The deploy function, as mentioned above, allows you to deploy a contract and save it under a specific name.

The deploy function expect 2 parameters: one for the name and one for the options

See below the full list of fields that the option parameter allows and requires:

export interface DeployOptions = {
  from: string; // address (or private key) that will perform the transaction. you can use `getNamedAccounts` to retrieve the address you want by name.
  contract?: // this is an optional field. If not specified it defaults to the contract with the same name as the first parameter
    | string // this field can be either a string for the name of the contract
    | { // or abi and bytecode
        abi: ABI;
        bytecode: string;
        deployedBytecode?: string;
      };
  args?: any[]; // the list of argument for the constructor (or the upgrade function in case of proxy)
  skipIfAlreadyDeployed?: boolean; // if set it to true, will not attempt to deploy even if the contract deployed under the same name is different
  log?: boolean; // if true, it will log the result of the deployment (tx hash, address and gas used)
  linkedData?: any; // This allow to associate any JSON data to the deployment. Useful for merkle tree data for example
  libraries?: { [libraryName: string]: Address }; // This let you associate libraries to the deployed contract
  proxy?: boolean | string | ProxyOptions; // This options allow to consider your contract as a proxy (see below for more details)

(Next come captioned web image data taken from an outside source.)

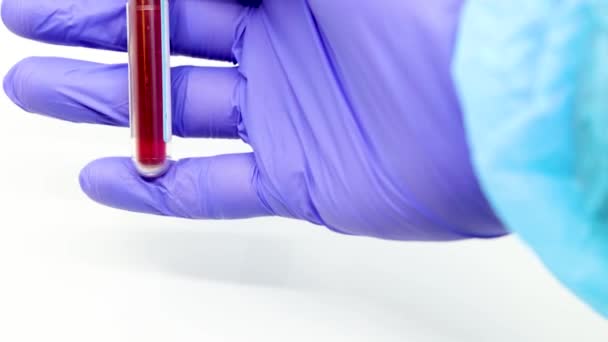 Gros plan de la main du microbiologiste ou du travailleur médical avec des gants chirurgicaux bleus marquant le résultat du test sanguin comme positif pour le nouveau coronavirus à propagation rapide. COVID-19 Concept positif - Séquence, vidéo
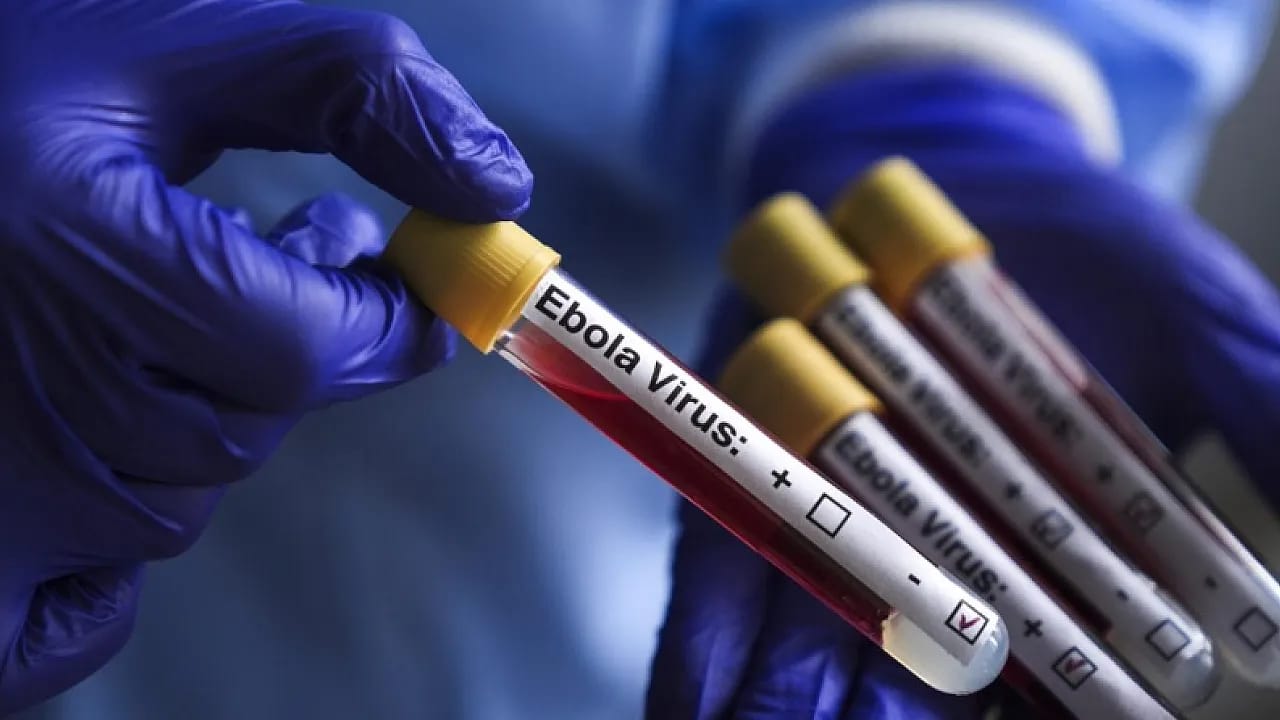 Kongo'da Ebola Alarmı Büyüyor! Vaka Sayısı 1400'ü Aştı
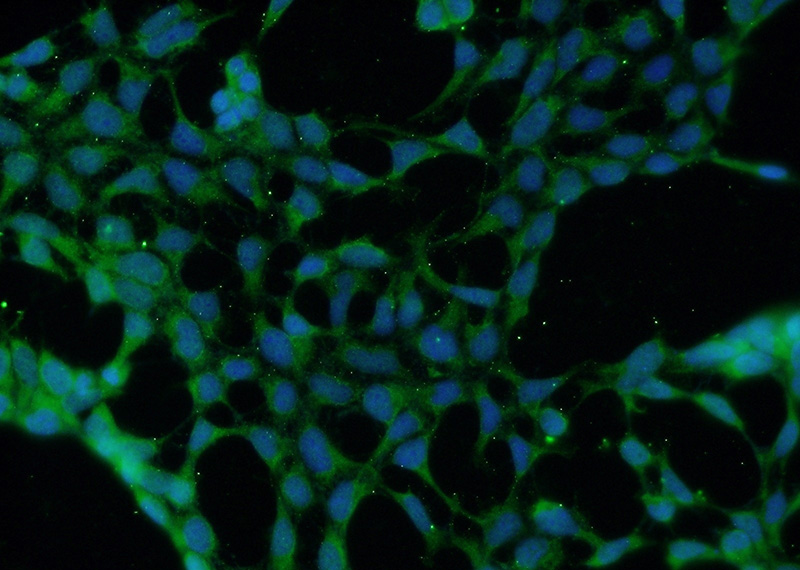 Immunofluorescent analysis of HEK-293 cells using Catalog No:110001(DMAP1 Antibody) at dilution of 1:50 and Alexa Fluor 488-congugated AffiniPure Goat Anti-Rabbit IgG(H+L)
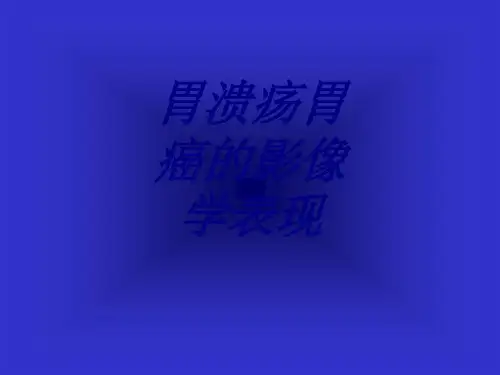 胃溃疡胃癌的影像学表现PPT医学课件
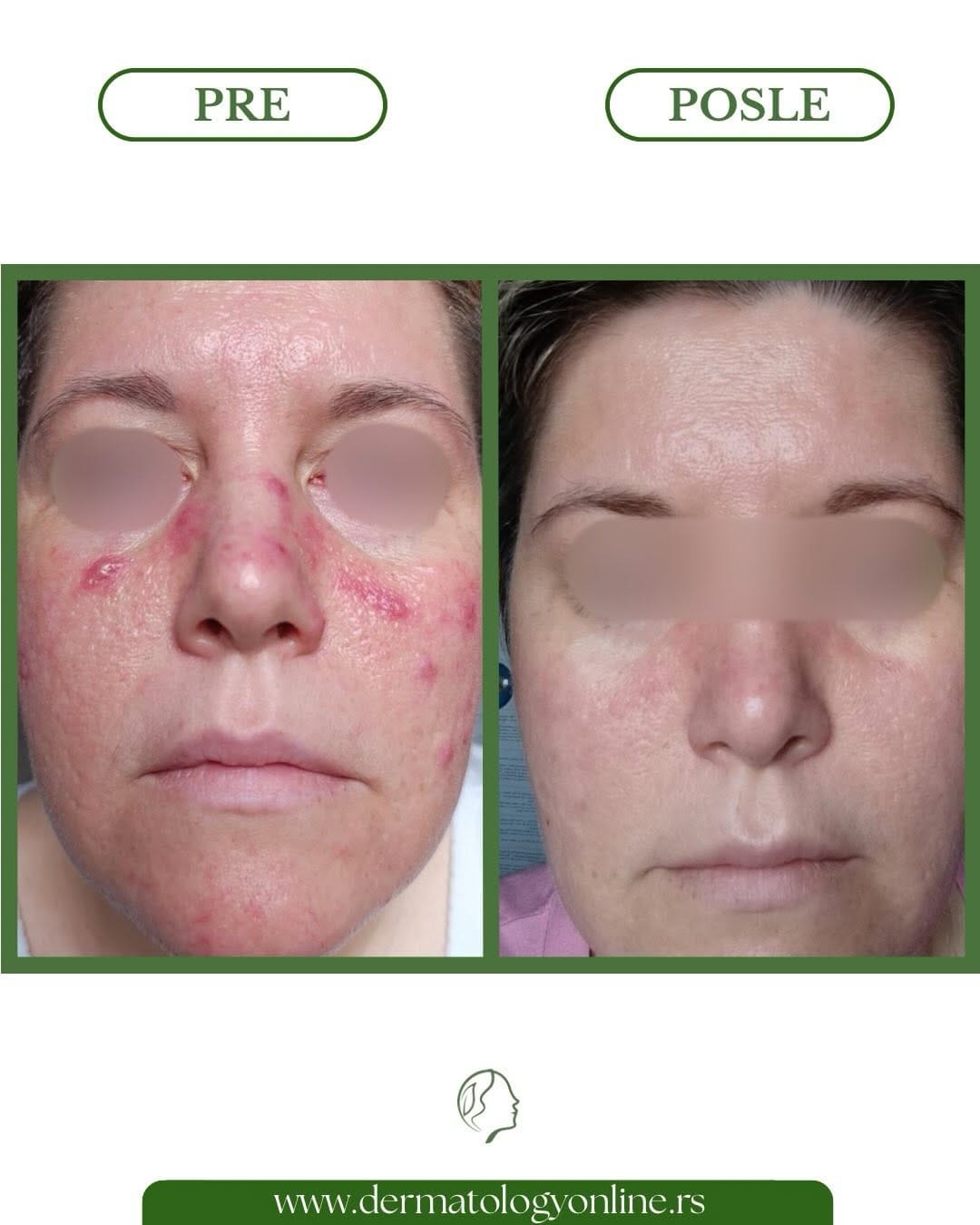Post 7 by Dermatolog Online on Instagram (carousel)
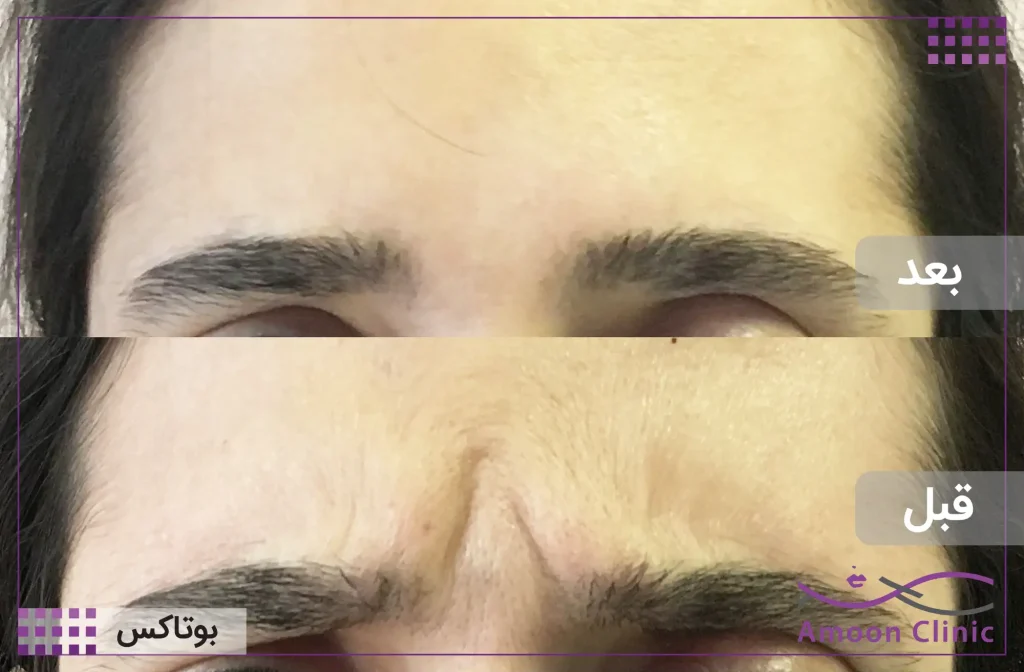 تزریق بوتاکس خط اخم
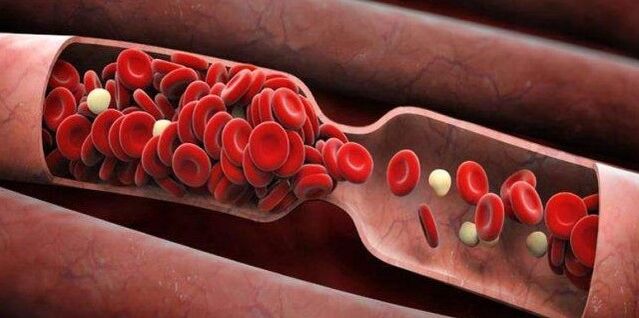 Prevention of blood clots
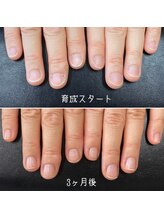 ネイルズ アヴァンティ(Nails Avanti)/最強のネイルケア3ヶ月コース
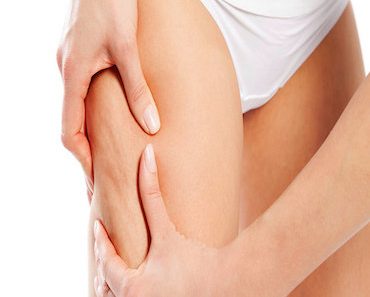 Warum Frauen häufiger zu Cellulite neigen + 5 tolle Hausmittel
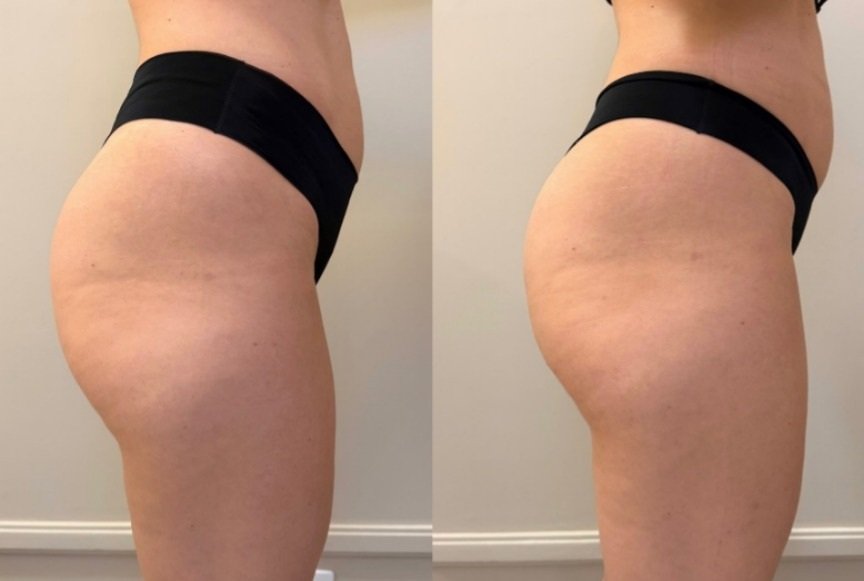 Resultado de harmonização de glúteos 3 — antes e depois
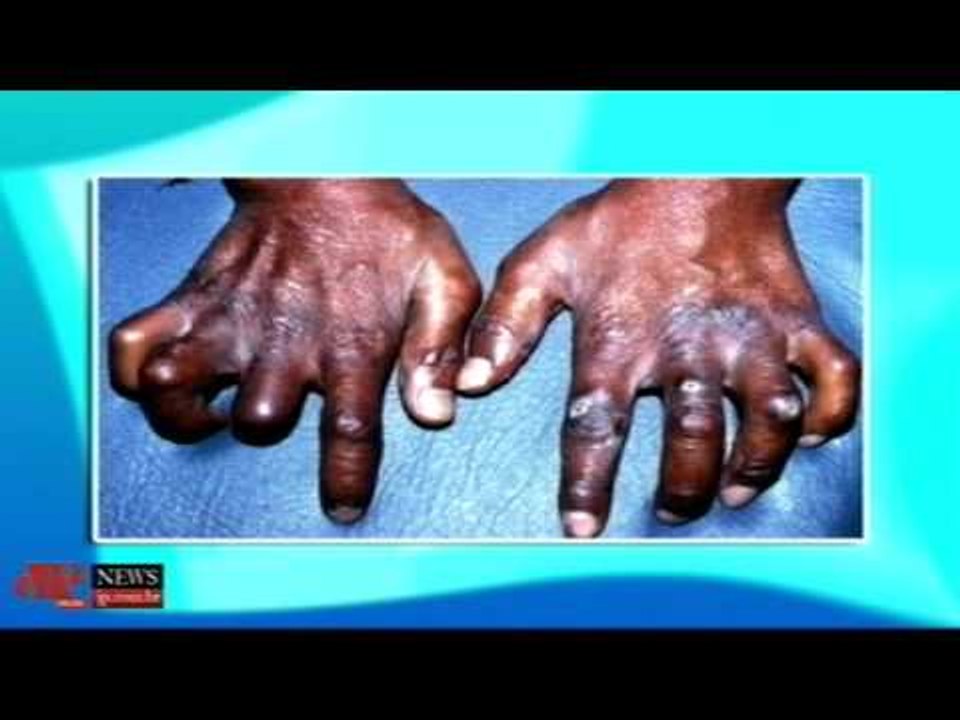 Preconceito é maior dificuldade de quem tem a Hanseníase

  // here some common tx options :
  gasLimit?: string | number | BigNumber;
  gasPrice?: string | BigNumber;
  value?: string | BigNumber;
  nonce?: string | number | BigNumber;

  estimatedGasLimit?: string | number | BigNumber; // to speed up the estimation, it is possible to provide an upper gasLimit
  estimateGasExtra?: string | number | BigNumber; // this option allow you to add a gas buffer on top of the estimation

  autoMine?: boolean; // this force a evm_mine to be executed. this is useful to speed deployment on test network that allow to specify a block delay (ganache for example). This option basically skip the delay by force mining.
  deterministicDeployment? boolean | string; // if true, it will deploy the contract at a deterministic address based on bytecode and constructor arguments. The address will be the same across all network. It use create2 opcode for that, if it is a string, the string will be used as the salt.
  waitConfirmations?: number; // number of the confirmations to wait after the transactions is included in the chain
};


Handling contract using libraries

In the deploy function, one of the DeployOptions field is the libraries field. It allows you to associate external contract as libraries at the time of deployment.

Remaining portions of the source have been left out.